Chapter 13

Aunt Ev brought them past the back offices, through an old wooden door with a pointed top. They stood in silence while Aunt Ev consulted her retro megawatch once more. She counted to twelve under her breath and then opened the heavy wooden door to the large main room. Finn rushed to follow her and was shocked to find the building brightly lit and full of noise.

The main room was packed with people arguing and trying to talk over each other. Finn, Gabi, and Aunt Ev were now in plain view—only no one was looking at them. Aunt Ev strode in like she was invisible. Not knowing what else to do, Finn and Gabi followed as closely as they could. After taking a few strides, Aunt Ev crouched behind a row of battered maroon folding chairs. Finn and Gabi did the same.

Finn heard a familiar woman’s voice rise louder than the rest: “We shouldn’t be doing this without Will.

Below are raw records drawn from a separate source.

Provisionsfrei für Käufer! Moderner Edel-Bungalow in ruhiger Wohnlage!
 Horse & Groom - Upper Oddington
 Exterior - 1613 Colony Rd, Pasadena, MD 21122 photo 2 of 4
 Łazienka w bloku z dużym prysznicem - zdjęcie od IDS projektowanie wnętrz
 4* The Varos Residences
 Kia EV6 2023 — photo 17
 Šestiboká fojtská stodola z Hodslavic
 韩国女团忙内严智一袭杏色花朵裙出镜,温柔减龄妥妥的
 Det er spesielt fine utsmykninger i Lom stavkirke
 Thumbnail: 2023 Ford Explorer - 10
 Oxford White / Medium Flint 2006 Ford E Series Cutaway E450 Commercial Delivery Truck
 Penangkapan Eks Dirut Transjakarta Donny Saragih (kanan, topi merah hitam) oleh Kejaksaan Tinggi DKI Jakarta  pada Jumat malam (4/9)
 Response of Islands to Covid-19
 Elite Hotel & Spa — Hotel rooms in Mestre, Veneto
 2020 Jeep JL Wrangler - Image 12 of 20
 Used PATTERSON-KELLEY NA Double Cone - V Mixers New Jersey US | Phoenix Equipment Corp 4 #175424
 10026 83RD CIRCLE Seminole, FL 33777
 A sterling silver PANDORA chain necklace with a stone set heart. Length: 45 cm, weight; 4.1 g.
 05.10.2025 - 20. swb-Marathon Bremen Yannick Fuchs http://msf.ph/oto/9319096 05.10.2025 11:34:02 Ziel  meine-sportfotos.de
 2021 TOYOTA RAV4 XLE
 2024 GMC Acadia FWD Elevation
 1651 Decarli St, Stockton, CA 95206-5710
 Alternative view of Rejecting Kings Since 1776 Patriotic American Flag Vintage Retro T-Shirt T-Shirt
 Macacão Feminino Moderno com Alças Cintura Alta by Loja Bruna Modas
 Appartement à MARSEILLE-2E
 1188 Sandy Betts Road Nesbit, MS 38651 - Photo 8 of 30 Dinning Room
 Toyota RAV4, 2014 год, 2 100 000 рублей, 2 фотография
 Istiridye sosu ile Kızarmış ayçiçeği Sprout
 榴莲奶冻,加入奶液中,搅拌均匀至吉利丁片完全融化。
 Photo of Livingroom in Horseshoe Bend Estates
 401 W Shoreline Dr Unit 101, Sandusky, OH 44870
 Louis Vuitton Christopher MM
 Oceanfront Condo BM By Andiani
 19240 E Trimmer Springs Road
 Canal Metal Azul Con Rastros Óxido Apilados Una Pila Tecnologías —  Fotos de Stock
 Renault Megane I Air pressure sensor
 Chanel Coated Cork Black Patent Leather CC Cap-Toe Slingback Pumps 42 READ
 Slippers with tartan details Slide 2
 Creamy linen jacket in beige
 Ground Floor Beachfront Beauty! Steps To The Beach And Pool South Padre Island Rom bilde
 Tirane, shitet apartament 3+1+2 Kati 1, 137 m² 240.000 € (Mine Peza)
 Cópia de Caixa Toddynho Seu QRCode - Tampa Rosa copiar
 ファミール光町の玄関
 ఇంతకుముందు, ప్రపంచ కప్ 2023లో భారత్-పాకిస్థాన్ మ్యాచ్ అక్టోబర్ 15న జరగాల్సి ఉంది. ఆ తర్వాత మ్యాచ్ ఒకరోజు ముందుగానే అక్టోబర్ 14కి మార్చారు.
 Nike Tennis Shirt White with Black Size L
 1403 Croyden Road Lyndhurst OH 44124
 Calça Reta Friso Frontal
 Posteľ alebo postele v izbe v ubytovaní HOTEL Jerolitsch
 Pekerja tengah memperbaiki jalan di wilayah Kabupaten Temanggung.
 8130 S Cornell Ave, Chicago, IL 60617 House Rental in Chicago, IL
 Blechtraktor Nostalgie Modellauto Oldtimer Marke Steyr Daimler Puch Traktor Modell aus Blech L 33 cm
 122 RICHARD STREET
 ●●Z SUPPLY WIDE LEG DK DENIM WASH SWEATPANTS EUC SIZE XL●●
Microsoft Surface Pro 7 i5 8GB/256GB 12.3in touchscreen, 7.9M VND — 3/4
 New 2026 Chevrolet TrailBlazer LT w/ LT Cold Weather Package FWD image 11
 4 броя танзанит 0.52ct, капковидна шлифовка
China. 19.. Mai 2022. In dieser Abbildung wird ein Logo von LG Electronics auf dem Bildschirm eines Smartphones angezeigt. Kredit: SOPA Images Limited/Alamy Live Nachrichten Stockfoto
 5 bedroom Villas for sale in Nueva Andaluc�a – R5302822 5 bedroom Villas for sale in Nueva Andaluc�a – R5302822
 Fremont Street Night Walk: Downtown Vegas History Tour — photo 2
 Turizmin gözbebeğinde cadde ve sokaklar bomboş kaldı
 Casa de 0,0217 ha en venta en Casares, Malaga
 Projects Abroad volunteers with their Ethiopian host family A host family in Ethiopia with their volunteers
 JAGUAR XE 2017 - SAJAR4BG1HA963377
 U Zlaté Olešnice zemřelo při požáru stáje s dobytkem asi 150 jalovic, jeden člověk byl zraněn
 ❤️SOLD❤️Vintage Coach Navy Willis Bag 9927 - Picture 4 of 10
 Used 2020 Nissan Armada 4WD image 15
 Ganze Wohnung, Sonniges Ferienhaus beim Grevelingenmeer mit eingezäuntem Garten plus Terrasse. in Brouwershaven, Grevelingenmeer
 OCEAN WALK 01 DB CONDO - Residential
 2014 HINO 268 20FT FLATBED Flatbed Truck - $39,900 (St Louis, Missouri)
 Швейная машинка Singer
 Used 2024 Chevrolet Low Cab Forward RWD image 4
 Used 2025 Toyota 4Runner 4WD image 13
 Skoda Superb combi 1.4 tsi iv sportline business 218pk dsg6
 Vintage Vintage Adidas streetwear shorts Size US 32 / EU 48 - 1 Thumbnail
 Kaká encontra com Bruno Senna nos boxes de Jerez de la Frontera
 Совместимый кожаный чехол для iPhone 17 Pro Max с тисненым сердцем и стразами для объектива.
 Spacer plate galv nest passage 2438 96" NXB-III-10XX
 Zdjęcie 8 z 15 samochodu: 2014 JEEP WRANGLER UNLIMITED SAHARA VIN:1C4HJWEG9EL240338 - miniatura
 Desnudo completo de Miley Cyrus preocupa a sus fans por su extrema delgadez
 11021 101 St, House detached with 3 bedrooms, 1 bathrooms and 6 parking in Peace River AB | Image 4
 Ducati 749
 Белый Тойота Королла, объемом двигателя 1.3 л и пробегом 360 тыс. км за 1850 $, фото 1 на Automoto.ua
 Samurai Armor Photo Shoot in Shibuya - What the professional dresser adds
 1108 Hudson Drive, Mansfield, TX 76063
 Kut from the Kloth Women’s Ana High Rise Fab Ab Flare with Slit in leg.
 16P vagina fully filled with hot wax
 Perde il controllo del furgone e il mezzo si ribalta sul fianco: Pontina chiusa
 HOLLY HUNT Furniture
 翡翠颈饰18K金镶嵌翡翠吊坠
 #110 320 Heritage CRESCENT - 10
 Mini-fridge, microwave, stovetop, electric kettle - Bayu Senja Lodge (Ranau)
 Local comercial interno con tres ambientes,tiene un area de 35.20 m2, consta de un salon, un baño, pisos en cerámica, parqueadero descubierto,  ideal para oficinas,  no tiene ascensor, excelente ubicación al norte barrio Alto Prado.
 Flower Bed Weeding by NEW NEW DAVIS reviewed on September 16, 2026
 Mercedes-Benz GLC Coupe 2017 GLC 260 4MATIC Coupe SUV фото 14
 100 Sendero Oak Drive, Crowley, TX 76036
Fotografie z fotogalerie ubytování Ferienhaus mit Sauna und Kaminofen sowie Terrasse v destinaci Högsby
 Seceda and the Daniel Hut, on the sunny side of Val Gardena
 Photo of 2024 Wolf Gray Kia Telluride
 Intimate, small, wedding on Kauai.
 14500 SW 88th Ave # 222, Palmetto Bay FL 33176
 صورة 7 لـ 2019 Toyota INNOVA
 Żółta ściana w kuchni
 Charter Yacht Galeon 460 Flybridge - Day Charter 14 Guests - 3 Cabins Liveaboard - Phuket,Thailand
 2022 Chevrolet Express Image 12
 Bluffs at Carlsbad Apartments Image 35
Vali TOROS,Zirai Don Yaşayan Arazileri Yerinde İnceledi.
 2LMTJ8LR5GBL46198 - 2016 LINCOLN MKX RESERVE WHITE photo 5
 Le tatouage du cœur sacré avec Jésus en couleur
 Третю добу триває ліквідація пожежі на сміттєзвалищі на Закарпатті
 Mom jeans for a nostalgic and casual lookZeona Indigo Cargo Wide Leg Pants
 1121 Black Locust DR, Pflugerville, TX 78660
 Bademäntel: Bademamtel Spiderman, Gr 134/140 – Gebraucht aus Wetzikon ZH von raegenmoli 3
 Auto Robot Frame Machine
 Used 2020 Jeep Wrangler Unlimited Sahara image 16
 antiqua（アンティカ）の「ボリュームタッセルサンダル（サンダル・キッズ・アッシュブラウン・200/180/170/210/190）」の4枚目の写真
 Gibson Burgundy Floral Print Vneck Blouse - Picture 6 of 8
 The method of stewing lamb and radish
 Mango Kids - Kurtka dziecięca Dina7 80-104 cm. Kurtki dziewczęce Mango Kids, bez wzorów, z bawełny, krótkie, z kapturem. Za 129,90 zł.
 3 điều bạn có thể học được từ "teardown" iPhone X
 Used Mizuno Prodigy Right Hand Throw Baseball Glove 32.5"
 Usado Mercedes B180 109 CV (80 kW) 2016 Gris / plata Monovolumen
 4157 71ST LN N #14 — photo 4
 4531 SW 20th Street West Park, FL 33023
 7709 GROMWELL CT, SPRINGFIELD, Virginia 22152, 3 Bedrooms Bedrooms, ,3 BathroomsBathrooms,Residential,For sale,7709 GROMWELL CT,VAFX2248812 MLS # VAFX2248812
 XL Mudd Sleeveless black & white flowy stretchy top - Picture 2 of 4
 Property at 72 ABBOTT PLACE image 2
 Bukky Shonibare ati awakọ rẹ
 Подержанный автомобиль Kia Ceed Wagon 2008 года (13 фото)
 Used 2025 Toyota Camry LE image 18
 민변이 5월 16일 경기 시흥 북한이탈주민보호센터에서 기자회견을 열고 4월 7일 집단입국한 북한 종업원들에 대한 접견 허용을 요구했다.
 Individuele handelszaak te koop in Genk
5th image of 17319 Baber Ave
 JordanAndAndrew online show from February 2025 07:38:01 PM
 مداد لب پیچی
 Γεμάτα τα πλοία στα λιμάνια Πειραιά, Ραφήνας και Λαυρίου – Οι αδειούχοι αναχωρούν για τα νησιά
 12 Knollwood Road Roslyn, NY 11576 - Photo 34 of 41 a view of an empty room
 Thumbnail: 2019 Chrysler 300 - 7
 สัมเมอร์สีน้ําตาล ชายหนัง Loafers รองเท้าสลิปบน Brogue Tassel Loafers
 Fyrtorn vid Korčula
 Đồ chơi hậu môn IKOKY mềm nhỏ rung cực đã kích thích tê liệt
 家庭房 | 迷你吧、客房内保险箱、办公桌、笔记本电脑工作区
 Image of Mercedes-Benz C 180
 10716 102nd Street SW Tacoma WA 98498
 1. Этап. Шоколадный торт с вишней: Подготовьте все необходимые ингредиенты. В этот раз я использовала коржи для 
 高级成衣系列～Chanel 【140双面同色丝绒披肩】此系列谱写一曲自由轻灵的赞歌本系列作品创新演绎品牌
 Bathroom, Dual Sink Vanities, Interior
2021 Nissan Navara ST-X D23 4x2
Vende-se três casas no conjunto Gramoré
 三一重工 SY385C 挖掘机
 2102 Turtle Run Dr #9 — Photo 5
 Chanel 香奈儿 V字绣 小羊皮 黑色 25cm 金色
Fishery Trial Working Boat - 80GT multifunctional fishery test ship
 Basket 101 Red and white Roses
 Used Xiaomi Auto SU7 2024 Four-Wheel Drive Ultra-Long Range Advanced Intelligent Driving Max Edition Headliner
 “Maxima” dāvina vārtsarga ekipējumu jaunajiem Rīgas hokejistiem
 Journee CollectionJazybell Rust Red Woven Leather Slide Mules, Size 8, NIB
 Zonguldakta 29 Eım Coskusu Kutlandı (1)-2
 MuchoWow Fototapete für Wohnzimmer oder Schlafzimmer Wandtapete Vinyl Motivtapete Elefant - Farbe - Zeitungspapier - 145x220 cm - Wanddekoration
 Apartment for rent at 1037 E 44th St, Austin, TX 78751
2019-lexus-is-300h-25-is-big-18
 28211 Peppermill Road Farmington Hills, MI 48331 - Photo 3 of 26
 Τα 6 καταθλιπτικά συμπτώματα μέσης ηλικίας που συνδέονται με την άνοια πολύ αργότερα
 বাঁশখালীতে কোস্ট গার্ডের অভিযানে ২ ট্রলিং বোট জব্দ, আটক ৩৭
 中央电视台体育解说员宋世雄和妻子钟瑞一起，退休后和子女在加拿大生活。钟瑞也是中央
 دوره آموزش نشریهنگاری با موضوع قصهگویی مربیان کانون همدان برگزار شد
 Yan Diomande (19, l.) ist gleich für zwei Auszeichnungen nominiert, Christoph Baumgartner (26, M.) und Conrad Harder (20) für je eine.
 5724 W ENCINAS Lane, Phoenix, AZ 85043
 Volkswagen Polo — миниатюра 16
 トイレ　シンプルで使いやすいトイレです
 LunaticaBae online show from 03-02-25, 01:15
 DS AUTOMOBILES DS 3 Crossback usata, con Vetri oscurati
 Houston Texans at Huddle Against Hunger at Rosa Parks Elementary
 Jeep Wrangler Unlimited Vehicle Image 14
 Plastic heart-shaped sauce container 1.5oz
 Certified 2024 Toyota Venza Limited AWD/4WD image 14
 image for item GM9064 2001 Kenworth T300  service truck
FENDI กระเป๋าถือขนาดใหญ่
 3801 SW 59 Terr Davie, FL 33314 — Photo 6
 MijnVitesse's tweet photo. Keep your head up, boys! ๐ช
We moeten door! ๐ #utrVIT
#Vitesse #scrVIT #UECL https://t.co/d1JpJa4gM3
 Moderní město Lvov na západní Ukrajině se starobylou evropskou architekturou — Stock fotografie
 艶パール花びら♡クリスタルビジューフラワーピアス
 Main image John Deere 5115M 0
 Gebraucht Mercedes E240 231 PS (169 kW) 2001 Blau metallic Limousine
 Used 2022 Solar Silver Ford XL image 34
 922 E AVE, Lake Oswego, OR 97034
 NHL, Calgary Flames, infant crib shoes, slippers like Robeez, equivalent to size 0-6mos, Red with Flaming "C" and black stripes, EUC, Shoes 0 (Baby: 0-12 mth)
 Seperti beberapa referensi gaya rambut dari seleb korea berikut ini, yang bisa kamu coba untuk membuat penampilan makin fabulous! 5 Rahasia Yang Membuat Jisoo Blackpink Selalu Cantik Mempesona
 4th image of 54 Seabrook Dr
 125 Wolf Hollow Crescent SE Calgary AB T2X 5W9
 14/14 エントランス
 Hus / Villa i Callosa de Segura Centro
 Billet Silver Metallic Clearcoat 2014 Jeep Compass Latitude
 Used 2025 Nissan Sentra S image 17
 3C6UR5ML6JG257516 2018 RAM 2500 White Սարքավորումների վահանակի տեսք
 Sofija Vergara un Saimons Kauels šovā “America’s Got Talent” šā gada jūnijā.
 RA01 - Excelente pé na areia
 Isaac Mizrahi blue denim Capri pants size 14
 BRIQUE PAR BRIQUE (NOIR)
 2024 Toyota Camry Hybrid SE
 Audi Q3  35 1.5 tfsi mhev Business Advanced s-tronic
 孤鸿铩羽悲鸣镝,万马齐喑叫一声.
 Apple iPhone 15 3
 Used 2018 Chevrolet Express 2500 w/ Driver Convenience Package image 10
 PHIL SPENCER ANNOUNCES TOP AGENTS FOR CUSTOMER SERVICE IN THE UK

It can wait till he’s back!” This was followed by the quick staccato of angry heel clicks coming right toward them. Finn was sure they were about to be discovered. He shot Aunt Ev a look of panic. She gave him and Gabi a placid smile.

The clicking heels belonged to Aunt Billie. She came right up to their row. The laces of her gray boots were only a foot away from Finn’s own toes. He hadn’t seen her in almost a year, since Gran’s big Thanksgiving dinner. She and Aunt Ev had argued and it hadn’t ended well, even with Gran doing her best to calm them down. He was shocked at how much frailer Aunt Billie looked. He looked away quickly so she wouldn’t feel his eyes on her. All she had to do was glance down and she would see them hiding there.

Only she didn’t. Her eyes remained focused on the front of the room.

“You’re all fools!” she snapped. “You have no idea what you’re messing with!” As the crowd continued to argue, she spun on the noisy heels and stormed out of the building. Finn turned to Aunt Evelyn to silently communicate his astonishment, but she was already crawling across the room on all fours. He and Gabi had to rush to catch up.

She stopped at the stairs to the choir loft, stood up nonchalantly, and brushed the dust off her coat and skirt. Finn’s neck was practically on a swivel. He kept checking to see if anyone in the room was looking their way. Gabi’s hand gripped his forearm. She was just as nervous, but the attendees were still in a heated argument. Aunt Evelyn checked her watch again and waved them up the small wooden stairs. Finn let Gabi go first, then began climbing as quietly as he could. Aunt Ev followed him closely.

Another voice he knew echoed through the church. “I am standing by this motion. I think we should bring Finn into this!”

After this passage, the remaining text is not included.